While the threat to consumer devices is serious, a hack involving critical connected systems in sectors such as energy, utilities, government, healthcare and finance could affect millions of people.

“The concern for a cyberattack is no longer focused on loss of data, but safety and availability. Consider an energy utility as an example — cyberattacks could disrupt power supply for communities and potentially have impact on life and safety,” Robert Westervelt, security research manager at IDC, told Tripwire in March.

What can consumers do to prevent their devices from tuning into zombies, and what are device makers and suppliers doing to stop future hacking? A good start, of course, is to never use a default log-in and password on a device. Create a strong personal login and password instead.

This is because botnets such as Mirai are constantly searching for devices they can access through a default log-in, as they do not have the ability to discover personal passwords — yet.

For industries at risk, such as baby-monitor makers, the UK-based semiconductor producer ARM Holdings has proposed a new security framework. If adopted widely, it could help instill consumer confidence and improve device sales, company executives told Bloomberg.

The framework has three components, the first being a common industry agreement about exactly what threats connected devices face. The company’s security analysts plan to work with academics and industry specialists to compile such information. The second component will specify how hardware and software should be designed to mitigate these threats.

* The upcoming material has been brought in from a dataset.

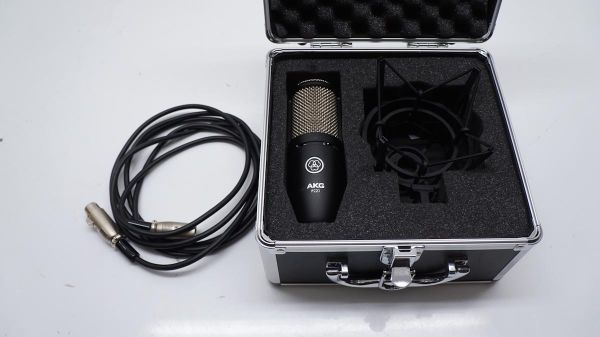 AKG P220 コンデンサーマイク おまけ(ケーブル)付き 000X718 年末年始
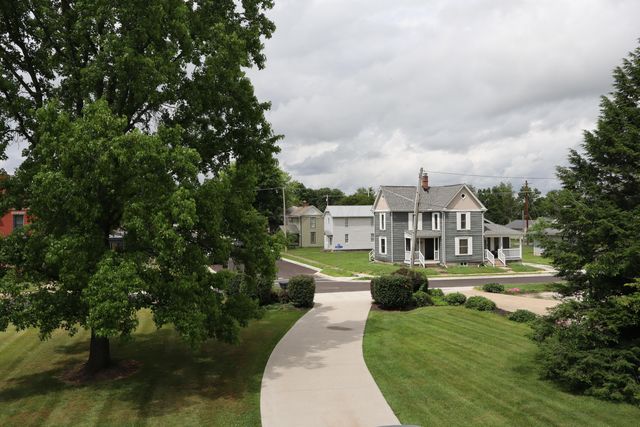 75 Church Street, Ashville, OH 43103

The last component involves providing customers with free firmware — software permanently stored on chips — that meets the requirements of the new standard. ARM is also proposing that all devices should be able to receive software updates over-the-air, through WiFi, cellular or alternative low-power networks.

To help companies get started on improving device security, ARM has introduced a “secure enclave”, a dedicated chip that handles cryptographic operations. A second component offers a secure method for finding and fixing bugs in chips and firmware. Many smaller chips do not now have a secure way to perform these tests.

“We’ve talked to a lot of companies and they are excited,” Rob Coombs, security director of the IoT device group at ARM, told Bloomberg. “We believe we have wide industry support.”